◆ **HOW TO COMPLETE THIS TASK**: Each record below needs to be set down again exactly.

>>>>>

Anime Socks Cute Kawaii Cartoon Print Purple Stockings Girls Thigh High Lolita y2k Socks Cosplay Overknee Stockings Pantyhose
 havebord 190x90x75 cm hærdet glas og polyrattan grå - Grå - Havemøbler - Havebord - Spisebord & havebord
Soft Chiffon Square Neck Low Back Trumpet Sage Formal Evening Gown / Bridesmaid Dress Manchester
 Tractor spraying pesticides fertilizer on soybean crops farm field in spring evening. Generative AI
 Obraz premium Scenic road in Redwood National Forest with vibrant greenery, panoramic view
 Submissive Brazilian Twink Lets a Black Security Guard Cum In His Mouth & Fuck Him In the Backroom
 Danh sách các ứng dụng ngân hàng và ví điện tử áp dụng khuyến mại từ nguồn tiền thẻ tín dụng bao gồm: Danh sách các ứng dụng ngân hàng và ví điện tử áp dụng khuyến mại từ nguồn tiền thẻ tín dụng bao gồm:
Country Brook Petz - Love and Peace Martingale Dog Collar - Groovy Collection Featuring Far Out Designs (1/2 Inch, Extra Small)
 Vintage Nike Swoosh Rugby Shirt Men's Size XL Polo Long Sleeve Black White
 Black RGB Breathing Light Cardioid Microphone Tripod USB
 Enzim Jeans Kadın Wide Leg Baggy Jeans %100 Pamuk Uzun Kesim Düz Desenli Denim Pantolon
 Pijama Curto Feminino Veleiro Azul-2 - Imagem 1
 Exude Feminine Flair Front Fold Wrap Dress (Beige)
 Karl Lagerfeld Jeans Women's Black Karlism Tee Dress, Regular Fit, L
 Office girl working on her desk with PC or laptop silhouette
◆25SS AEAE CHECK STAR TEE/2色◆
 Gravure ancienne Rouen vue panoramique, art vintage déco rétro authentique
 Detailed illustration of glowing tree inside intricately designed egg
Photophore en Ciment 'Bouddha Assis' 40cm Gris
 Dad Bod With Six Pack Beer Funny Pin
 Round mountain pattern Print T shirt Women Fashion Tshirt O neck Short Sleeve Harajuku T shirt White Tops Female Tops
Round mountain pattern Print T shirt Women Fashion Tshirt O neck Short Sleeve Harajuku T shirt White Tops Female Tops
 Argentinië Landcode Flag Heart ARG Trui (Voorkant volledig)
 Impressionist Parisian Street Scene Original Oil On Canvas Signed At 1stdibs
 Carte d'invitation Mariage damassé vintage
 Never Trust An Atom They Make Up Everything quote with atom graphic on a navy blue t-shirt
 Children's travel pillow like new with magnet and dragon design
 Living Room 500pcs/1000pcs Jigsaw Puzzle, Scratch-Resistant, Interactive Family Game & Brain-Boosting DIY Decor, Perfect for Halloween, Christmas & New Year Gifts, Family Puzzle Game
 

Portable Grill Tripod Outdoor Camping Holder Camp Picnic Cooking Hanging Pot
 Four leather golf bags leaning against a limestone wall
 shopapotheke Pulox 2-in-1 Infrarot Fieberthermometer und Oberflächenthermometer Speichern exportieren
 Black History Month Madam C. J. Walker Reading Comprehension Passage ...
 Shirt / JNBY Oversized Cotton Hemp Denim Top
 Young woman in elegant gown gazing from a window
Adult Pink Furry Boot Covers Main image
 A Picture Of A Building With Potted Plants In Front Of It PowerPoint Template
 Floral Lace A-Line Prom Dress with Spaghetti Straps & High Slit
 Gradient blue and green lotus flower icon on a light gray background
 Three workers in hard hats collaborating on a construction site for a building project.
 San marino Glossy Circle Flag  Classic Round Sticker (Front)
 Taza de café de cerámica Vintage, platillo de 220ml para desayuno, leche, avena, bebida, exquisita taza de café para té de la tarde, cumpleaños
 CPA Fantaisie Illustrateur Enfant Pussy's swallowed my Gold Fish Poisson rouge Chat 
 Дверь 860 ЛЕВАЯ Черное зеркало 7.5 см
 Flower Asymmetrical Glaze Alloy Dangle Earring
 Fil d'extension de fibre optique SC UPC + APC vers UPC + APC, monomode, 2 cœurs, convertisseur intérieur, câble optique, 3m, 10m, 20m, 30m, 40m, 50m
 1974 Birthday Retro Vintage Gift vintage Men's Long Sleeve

<<<<<

◆ **SOLVED EXERCISE**:
Anime Socks Cute Kawaii Cartoon Print Purple Stockings Girls Thigh High Lolita y2k Socks Cosplay Overknee Stockings Pantyhose
 havebord 190x90x75 cm hærdet glas og polyrattan grå - Grå - Havemøbler - Havebord - Spisebord & havebord
Soft Chiffon Square Neck Low Back Trumpet Sage Formal Evening Gown / Bridesmaid Dress Manchester
 Tractor spraying pesticides fertilizer on soybean crops farm field in spring evening. Generative AI
 Obraz premium Scenic road in Redwood National Forest with vibrant greenery, panoramic view
 Submissive Brazilian Twink Lets a Black Security Guard Cum In His Mouth & Fuck Him In the Backroom
 Danh sách các ứng dụng ngân hàng và ví điện tử áp dụng khuyến mại từ nguồn tiền thẻ tín dụng bao gồm: Danh sách các ứng dụng ngân hàng và ví điện tử áp dụng khuyến mại từ nguồn tiền thẻ tín dụng bao gồm:
Country Brook Petz - Love and Peace Martingale Dog Collar - Groovy Collection Featuring Far Out Designs (1/2 Inch, Extra Small)
 Vintage Nike Swoosh Rugby Shirt Men's Size XL Polo Long Sleeve Black White
 Black RGB Breathing Light Cardioid Microphone Tripod USB
 Enzim Jeans Kadın Wide Leg Baggy Jeans %100 Pamuk Uzun Kesim Düz Desenli Denim Pantolon
 Pijama Curto Feminino Veleiro Azul-2 - Imagem 1
 Exude Feminine Flair Front Fold Wrap Dress (Beige)
 Karl Lagerfeld Jeans Women's Black Karlism Tee Dress, Regular Fit, L
 Office girl working on her desk with PC or laptop silhouette
◆25SS AEAE CHECK STAR TEE/2色◆
 Gravure ancienne Rouen vue panoramique, art vintage déco rétro authentique
 Detailed illustration of glowing tree inside intricately designed egg
Photophore en Ciment 'Bouddha Assis' 40cm Gris
 Dad Bod With Six Pack Beer Funny Pin
 Round mountain pattern Print T shirt Women Fashion Tshirt O neck Short Sleeve Harajuku T shirt White Tops Female Tops
Round mountain pattern Print T shirt Women Fashion Tshirt O neck Short Sleeve Harajuku T shirt White Tops Female Tops
 Argentinië Landcode Flag Heart ARG Trui (Voorkant volledig)
 Impressionist Parisian Street Scene Original Oil On Canvas Signed At 1stdibs
 Carte d'invitation Mariage damassé vintage
 Never Trust An Atom They Make Up Everything quote with atom graphic on a navy blue t-shirt
 Children's travel pillow like new with magnet and dragon design
 Living Room 500pcs/1000pcs Jigsaw Puzzle, Scratch-Resistant, Interactive Family Game & Brain-Boosting DIY Decor, Perfect for Halloween, Christmas & New Year Gifts, Family Puzzle Game
 

Portable Grill Tripod Outdoor Camping Holder Camp Picnic Cooking Hanging Pot
 Four leather golf bags leaning against a limestone wall
 shopapotheke Pulox 2-in-1 Infrarot Fieberthermometer und Oberflächenthermometer Speichern exportieren
 Black History Month Madam C. J. Walker Reading Comprehension Passage ...
 Shirt / JNBY Oversized Cotton Hemp Denim Top
 Young woman in elegant gown gazing from a window
Adult Pink Furry Boot Covers Main image
 A Picture Of A Building With Potted Plants In Front Of It PowerPoint Template
 Floral Lace A-Line Prom Dress with Spaghetti Straps & High Slit
 Gradient blue and green lotus flower icon on a light gray background
 Three workers in hard hats collaborating on a construction site for a building project.
 San marino Glossy Circle Flag  Classic Round Sticker (Front)
 Taza de café de cerámica Vintage, platillo de 220ml para desayuno, leche, avena, bebida, exquisita taza de café para té de la tarde, cumpleaños
 CPA Fantaisie Illustrateur Enfant Pussy's swallowed my Gold Fish Poisson rouge Chat 
 Дверь 860 ЛЕВАЯ Черное зеркало 7.5 см
 Flower Asymmetrical Glaze Alloy Dangle Earring
 Fil d'extension de fibre optique SC UPC + APC vers UPC + APC, monomode, 2 cœurs, convertisseur intérieur, câble optique, 3m, 10m, 20m, 30m, 40m, 50m
 1974 Birthday Retro Vintage Gift vintage Men's Long Sleeve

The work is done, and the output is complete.